**What the exercise asks:**
When you reach the line containing "Dipping twisted dough in vanilla sugar." in the entries below, begin reproducing lines exactly, and stop once the line containing "Smoked carnitas burrito" is done.

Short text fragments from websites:
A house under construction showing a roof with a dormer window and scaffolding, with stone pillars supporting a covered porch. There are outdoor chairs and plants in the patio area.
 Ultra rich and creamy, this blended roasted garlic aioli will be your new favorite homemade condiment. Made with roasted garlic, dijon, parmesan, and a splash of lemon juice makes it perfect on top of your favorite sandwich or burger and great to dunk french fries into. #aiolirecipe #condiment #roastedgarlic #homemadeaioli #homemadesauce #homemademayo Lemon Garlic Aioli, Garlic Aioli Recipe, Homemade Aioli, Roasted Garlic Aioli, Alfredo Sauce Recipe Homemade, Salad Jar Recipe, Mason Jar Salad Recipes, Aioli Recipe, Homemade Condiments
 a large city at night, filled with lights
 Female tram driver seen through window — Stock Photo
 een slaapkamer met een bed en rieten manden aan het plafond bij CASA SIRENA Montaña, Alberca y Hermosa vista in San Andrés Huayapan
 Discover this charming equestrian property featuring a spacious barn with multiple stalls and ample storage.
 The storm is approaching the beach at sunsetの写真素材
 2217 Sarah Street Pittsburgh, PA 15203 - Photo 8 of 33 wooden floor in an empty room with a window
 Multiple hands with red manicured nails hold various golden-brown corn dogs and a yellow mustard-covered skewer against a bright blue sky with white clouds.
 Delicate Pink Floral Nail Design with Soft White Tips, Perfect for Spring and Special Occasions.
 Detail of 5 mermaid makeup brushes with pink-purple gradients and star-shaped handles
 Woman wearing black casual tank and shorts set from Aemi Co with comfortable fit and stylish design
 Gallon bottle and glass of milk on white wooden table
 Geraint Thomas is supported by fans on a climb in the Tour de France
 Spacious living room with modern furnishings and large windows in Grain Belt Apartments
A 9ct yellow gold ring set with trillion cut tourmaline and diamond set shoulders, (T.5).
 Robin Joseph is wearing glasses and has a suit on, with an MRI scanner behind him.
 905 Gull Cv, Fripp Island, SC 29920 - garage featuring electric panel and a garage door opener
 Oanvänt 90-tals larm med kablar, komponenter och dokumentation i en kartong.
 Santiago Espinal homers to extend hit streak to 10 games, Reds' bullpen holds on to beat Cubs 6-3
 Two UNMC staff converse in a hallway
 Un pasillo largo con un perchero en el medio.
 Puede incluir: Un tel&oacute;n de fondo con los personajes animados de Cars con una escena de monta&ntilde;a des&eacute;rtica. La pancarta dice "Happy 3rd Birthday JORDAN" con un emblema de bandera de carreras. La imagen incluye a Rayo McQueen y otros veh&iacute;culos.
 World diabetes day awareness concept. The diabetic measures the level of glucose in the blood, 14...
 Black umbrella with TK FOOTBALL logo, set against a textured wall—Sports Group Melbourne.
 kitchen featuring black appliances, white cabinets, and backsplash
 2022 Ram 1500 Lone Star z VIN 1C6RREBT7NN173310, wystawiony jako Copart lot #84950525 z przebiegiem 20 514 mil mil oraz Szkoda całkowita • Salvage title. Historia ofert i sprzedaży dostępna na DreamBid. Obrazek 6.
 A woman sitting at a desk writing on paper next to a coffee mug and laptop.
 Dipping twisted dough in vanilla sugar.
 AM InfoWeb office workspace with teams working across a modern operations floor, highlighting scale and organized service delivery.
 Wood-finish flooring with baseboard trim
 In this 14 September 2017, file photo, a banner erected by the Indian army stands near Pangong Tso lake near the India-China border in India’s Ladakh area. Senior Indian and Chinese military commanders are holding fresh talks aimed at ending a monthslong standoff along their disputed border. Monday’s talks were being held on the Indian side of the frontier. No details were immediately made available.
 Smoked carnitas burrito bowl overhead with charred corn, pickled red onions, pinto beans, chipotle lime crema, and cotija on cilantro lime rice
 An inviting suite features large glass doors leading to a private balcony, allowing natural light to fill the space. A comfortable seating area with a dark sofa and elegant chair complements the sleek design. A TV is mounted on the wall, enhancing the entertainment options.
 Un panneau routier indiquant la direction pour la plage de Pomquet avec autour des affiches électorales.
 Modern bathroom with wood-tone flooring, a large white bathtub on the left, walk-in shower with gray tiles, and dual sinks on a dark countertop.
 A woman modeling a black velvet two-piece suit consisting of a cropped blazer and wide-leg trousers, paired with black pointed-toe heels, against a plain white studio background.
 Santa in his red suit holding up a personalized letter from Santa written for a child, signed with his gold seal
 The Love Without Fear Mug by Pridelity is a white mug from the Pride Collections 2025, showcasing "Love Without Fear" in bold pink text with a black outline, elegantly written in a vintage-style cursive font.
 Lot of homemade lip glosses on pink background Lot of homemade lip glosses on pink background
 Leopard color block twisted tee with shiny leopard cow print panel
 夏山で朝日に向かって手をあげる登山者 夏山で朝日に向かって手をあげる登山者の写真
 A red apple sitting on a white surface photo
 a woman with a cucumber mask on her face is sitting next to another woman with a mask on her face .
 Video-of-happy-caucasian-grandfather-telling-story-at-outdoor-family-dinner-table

**Task answer:**
 Dipping twisted dough in vanilla sugar.
 AM InfoWeb office workspace with teams working across a modern operations floor, highlighting scale and organized service delivery.
 Wood-finish flooring with baseboard trim
 In this 14 September 2017, file photo, a banner erected by the Indian army stands near Pangong Tso lake near the India-China border in India’s Ladakh area. Senior Indian and Chinese military commanders are holding fresh talks aimed at ending a monthslong standoff along their disputed border. Monday’s talks were being held on the Indian side of the frontier. No details were immediately made available.
 Smoked carnitas burrito bowl overhead with charred corn, pickled red onions, pinto beans, chipotle lime crema, and cotija on cilantro lime rice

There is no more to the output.